Research findings support data scientists to narrow down algorithm selection based on different criteria such as the nature of data and the assumption. It’s intriguing for us to apply these algorithms to another dataset for a hands-on comparison; so we did it and have included the findings in an upcoming post. Stay tuned! :D

If you want to know more, please let us know, comment below and/or send us a message at [email protected].

Blend360 co-creates data science solutions with clients to achieve their business goals. Clients are the hero in our story, and we provide the tools and expertise needed to succeed. We use advanced analytics, machine learning, and AI to enable data-driven decisions that drive growth and innovation. As a leader in the data science industry, we collaborate with businesses of all sizes to create innovative solutions that make a difference.

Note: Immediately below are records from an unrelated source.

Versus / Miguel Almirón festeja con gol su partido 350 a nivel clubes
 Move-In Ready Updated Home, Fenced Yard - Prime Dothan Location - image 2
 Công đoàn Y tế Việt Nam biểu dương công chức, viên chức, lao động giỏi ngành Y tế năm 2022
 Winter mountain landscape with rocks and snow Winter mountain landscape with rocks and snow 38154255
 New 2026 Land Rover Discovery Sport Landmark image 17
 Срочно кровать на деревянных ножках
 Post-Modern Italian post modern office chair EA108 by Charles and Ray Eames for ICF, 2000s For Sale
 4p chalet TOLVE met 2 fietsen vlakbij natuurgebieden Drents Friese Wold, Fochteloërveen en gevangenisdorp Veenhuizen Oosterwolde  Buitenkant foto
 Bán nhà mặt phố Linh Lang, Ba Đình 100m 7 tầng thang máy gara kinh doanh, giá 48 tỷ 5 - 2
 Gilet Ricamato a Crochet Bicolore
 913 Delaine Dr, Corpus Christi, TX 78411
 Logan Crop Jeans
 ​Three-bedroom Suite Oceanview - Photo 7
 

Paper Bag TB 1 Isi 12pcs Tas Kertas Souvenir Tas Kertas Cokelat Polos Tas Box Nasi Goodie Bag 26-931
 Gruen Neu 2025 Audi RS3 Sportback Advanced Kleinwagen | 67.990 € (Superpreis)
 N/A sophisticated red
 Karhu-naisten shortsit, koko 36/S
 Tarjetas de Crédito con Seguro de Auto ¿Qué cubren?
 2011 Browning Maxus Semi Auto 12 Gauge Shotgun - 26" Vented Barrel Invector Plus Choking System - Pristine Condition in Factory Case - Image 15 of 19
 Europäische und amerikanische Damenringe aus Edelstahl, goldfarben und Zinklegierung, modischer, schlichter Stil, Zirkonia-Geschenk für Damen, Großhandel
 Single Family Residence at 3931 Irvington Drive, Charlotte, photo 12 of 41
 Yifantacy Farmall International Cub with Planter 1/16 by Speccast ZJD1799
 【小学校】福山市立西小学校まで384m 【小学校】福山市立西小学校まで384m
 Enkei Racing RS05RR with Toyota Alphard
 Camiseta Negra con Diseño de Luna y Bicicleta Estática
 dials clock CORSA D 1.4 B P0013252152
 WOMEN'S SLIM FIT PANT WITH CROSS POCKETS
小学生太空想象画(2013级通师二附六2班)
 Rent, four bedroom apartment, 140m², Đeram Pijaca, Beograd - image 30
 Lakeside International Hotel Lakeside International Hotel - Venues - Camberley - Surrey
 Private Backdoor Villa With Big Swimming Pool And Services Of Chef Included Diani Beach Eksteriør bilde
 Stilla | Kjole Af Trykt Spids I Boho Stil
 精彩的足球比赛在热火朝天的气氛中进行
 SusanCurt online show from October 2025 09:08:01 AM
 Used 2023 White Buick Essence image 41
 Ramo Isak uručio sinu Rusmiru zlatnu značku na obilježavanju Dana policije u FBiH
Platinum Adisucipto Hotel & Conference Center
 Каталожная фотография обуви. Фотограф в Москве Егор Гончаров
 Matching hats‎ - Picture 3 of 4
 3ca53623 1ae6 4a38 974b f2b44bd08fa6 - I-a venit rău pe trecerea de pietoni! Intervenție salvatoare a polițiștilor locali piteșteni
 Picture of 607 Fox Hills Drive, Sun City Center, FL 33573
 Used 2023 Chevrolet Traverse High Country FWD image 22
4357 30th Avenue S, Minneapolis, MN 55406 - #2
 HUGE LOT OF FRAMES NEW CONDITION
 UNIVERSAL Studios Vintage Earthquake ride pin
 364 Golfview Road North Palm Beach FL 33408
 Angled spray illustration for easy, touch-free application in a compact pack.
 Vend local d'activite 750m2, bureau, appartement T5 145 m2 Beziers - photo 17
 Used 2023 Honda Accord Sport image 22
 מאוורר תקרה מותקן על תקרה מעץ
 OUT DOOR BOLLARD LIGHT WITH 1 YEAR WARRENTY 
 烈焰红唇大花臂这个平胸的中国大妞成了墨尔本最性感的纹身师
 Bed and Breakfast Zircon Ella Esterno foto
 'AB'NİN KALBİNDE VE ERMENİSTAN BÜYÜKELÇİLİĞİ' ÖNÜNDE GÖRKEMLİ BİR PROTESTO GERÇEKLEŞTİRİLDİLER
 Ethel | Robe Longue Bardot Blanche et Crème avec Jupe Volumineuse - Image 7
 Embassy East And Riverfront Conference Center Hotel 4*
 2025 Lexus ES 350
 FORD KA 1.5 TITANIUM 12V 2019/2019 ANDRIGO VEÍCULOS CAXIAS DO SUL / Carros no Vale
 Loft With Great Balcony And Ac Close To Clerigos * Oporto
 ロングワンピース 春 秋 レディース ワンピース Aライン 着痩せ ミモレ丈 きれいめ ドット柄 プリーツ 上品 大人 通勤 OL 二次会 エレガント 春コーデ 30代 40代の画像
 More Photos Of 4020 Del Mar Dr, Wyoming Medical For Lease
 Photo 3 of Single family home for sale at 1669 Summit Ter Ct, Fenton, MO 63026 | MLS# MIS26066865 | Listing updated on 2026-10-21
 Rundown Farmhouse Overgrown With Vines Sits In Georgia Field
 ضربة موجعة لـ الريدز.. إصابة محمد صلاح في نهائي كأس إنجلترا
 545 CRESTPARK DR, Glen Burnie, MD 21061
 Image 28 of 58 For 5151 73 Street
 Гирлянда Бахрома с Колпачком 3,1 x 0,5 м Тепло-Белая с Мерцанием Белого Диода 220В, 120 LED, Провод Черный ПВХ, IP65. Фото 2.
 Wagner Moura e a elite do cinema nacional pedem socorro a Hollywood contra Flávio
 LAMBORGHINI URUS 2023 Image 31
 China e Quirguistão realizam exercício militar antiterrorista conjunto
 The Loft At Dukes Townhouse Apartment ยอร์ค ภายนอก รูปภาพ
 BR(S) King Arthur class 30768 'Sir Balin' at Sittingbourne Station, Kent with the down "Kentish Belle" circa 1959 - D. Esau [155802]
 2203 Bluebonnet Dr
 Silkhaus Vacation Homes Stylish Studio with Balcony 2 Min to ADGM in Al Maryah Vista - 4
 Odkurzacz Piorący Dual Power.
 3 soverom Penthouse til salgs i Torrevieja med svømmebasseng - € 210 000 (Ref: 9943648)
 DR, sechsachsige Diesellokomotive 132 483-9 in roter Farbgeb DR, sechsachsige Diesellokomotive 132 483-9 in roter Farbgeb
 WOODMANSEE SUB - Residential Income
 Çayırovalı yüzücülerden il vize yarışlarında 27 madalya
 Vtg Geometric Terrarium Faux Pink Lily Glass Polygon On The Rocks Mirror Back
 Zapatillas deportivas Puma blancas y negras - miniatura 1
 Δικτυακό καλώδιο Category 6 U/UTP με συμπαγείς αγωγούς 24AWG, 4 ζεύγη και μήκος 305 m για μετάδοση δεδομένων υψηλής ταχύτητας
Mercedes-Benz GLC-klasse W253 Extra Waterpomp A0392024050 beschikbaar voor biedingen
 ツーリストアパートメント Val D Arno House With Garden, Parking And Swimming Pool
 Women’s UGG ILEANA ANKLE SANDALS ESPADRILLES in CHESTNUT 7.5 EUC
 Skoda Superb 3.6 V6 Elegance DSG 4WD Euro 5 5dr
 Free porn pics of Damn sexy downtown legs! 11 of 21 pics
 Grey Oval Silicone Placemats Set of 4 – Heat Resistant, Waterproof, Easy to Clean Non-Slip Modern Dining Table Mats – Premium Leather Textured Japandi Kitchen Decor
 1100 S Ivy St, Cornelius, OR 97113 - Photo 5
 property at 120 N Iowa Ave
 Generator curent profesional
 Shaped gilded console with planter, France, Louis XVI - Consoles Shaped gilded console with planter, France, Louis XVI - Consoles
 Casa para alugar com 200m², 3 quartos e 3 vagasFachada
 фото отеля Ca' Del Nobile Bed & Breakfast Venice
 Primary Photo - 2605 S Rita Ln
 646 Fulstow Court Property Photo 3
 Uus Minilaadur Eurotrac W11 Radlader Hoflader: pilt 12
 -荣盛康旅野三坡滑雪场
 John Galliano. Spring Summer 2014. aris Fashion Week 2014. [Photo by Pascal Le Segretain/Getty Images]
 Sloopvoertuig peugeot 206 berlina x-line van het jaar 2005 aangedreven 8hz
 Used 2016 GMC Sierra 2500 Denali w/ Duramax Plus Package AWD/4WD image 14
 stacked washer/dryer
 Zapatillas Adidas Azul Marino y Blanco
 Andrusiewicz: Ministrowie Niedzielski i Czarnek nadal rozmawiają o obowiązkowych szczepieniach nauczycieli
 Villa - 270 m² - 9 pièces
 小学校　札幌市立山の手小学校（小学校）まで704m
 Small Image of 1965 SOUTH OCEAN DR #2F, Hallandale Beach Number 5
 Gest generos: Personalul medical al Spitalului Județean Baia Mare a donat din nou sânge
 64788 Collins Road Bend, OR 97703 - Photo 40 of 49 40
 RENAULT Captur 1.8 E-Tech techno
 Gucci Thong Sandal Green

Topic Modelling: A Comparison Between LDA, NMF, BERTopic and Top2Vec — Part I (2024)
Top Articles
How do I enable the VPN feature on my NETGEAR router using a Windows computer?
North Carolina famous food! Discover the unique flavors of North Carolina. - Belmont Lake Preserve
Euro (EUR), aktuální kurzy měn
Otterbrook Goldens
Chris wragge hi-res stock photography and images - Alamy
Mama's Kitchen Waynesboro Tennessee
Costco The Dalles Or
Beautiful Scrap Wood Paper Towel Holder
Bhad Bhabie Shares Footage Of Her Child's Father Beating Her Up, Wants Him To 'Get Help'
Edgar And Herschel Trivia Questions
Red Heeler Dog Breed Info, Pictures, Facts, Puppy Price & FAQs
I Touch and Day Spa II
Northern Whooping Crane Festival highlights conservation and collaboration in Fort Smith, N.W.T. | CBC News
boohoo group plc Stock (BOO) - Quote London S.E.- MarketScreener
Commodore Beach Club Live Cam
Ally Joann
[Cheryll Glotfelty, Harold Fromm] The Ecocriticism(z-lib.org)
Persona 5 Royal Fusion Calculator (Fusion list with guide)
Amazing Lash Studio Casa Linda
Directions To Cvs Pharmacy
Craigslist Lake Charles
Publix Near 12401 International Drive
Cfv Mychart
Fuse Box Diagram Honda Accord (2013-2017)
Roseann Marie Messina · 15800 Detroit Ave, Suite D, Lakewood, OH 44107-3748 · Lay Midwife
Rek Funerals
Fairwinds Shred Fest 2023
Red Sox Starting Pitcher Tonight
Σινεμά - Τι Ταινίες Παίζουν οι Κινηματογράφοι Σήμερα - Πρόγραμμα 2024 | iathens.gr
Craigslist Red Wing Mn
Cross-Border Share Swaps Made Easier Through Amendments to India’s Foreign Exchange Regulations - Transatlantic Law International
Scanning the Airwaves
Oxford Alabama Craigslist
Mandy Rose - WWE News, Rumors, & Updates
Bella Thorne Bikini Uncensored
Pp503063
Cheetah Pitbull For Sale
Section 212 at MetLife Stadium
Sam's Club Gas Prices Deptford Nj
M Life Insider
Seminary.churchofjesuschrist.org
Engr 2300 Osu
Vindy.com Obituaries
Mudfin Village Wow
Despacito Justin Bieber Lyrics
Winta Zesu Net Worth
844 386 9815
St Anthony Hospital Crown Point Visiting Hours
Dancing Bear - House Party! ID ? Brunette in hardcore action
F9 2385
The Hardest Quests in Old School RuneScape (Ranked) – FandomSpot
Noelleleyva Leaks
Latest Posts
Article information

Author: Lakeisha Bayer VM

Last Updated:

Views: 5869

Rating: 4.9 / 5 (49 voted)

Reviews: 88% of readers found this page helpful

Author information

Name: Lakeisha Bayer VM

Birthday: 1997-10-17

Address: Suite 835 34136 Adrian Mountains, Floydton, UT 81036

Phone: +3571527672278

Job: Manufacturing Agent

Hobby: Skimboarding, Photography, Roller skating, Knife making, Paintball, Embroidery, Gunsmithing

Introduction: My name is Lakeisha Bayer VM, I am a brainy, kind, enchanting, healthy, lovely, clean, witty person who loves writing and wants to share my knowledge and understanding with you.